» **What the task asks**
Look below for the line with "男明星的名利场，谁是你的取向*击狙**？"; begin the copy there and stop after the line with "Terraza Atenas gallery image", keeping the text exact and the pictures out.

» **Records shown**
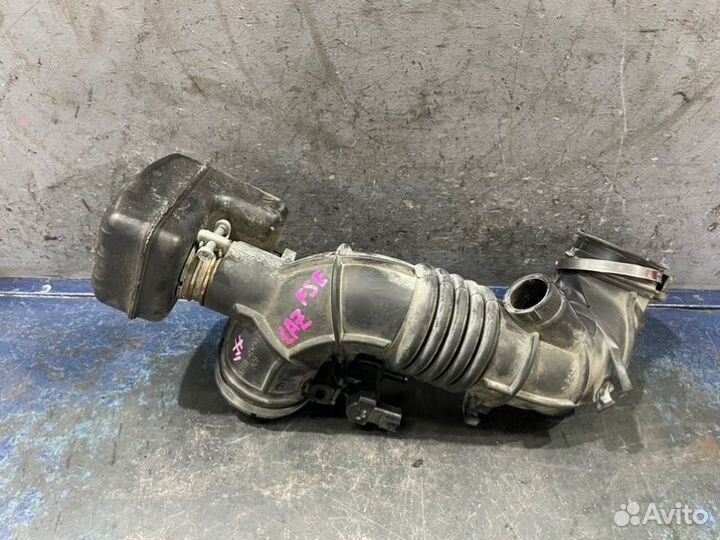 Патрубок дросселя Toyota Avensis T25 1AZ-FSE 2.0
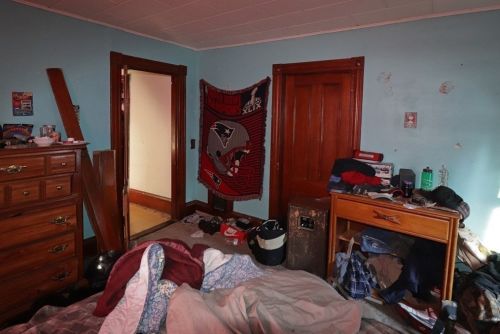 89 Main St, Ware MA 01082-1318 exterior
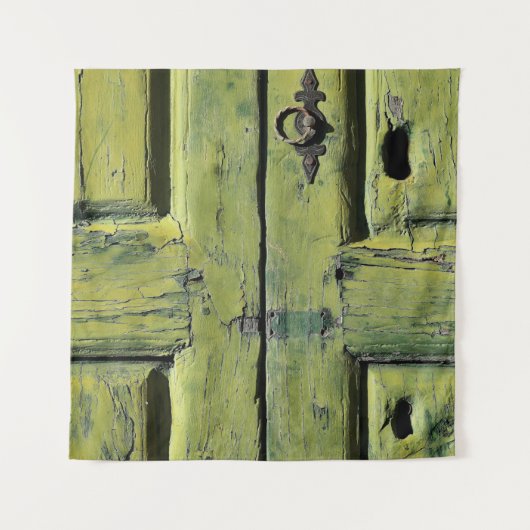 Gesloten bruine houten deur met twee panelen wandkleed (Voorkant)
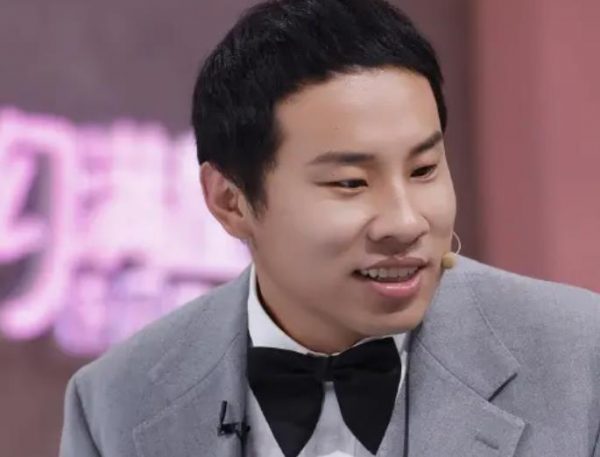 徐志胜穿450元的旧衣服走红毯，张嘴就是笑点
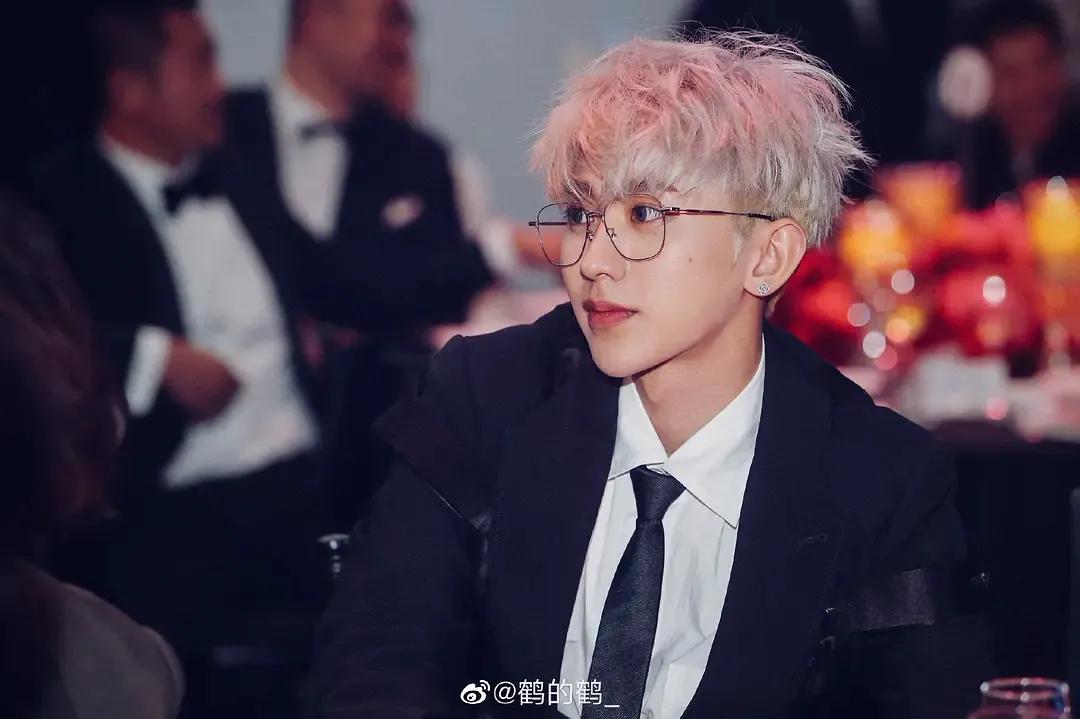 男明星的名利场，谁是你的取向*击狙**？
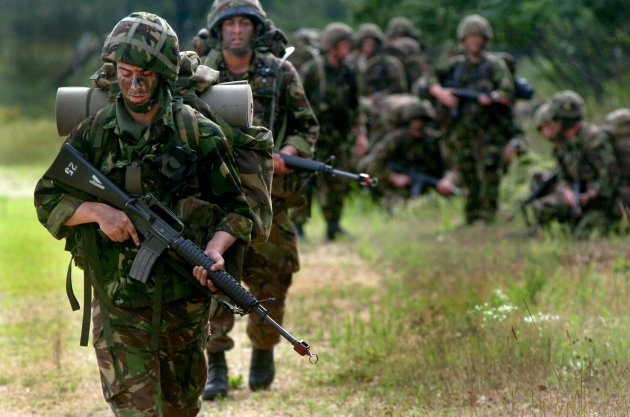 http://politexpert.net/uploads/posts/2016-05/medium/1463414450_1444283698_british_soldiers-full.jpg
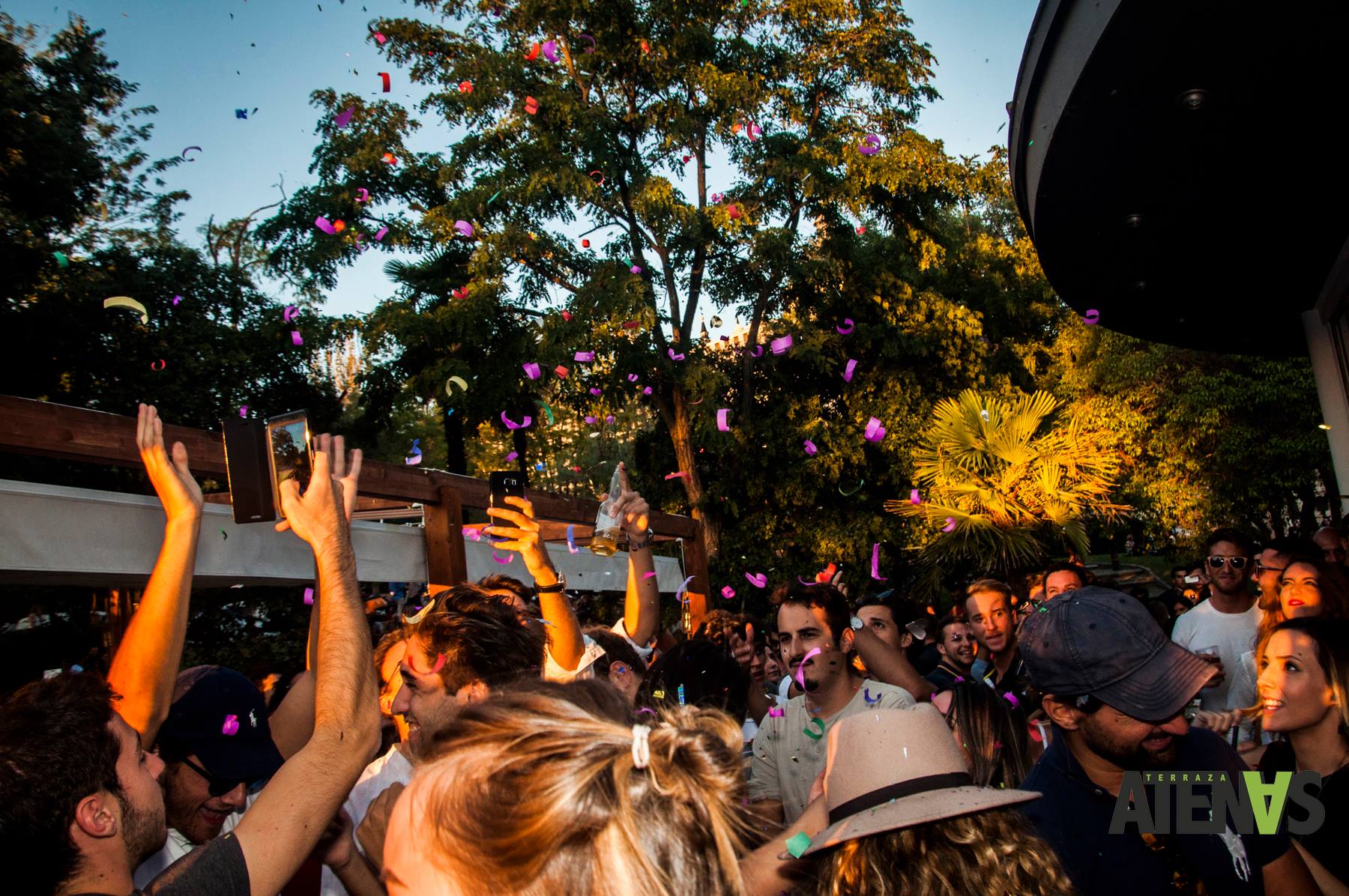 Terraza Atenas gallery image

--

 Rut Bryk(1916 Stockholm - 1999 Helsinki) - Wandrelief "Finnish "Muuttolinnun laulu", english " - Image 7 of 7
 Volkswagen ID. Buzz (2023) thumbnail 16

==

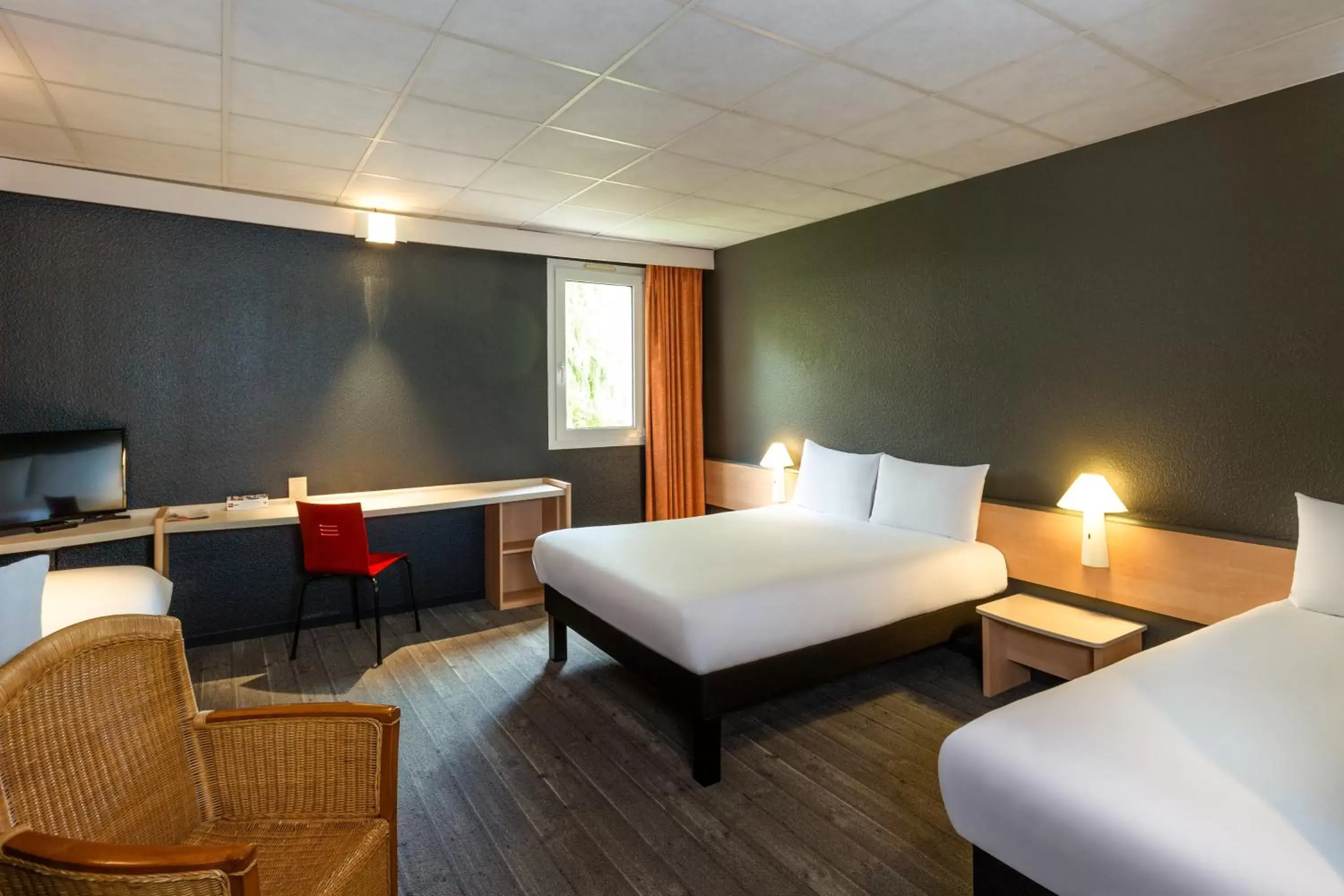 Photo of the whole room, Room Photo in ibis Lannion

» **Solution to this problem**
 男明星的名利场，谁是你的取向*击狙**？
 http://politexpert.net/uploads/posts/2016-05/medium/1463414450_1444283698_british_soldiers-full.jpg
 Terraza Atenas gallery image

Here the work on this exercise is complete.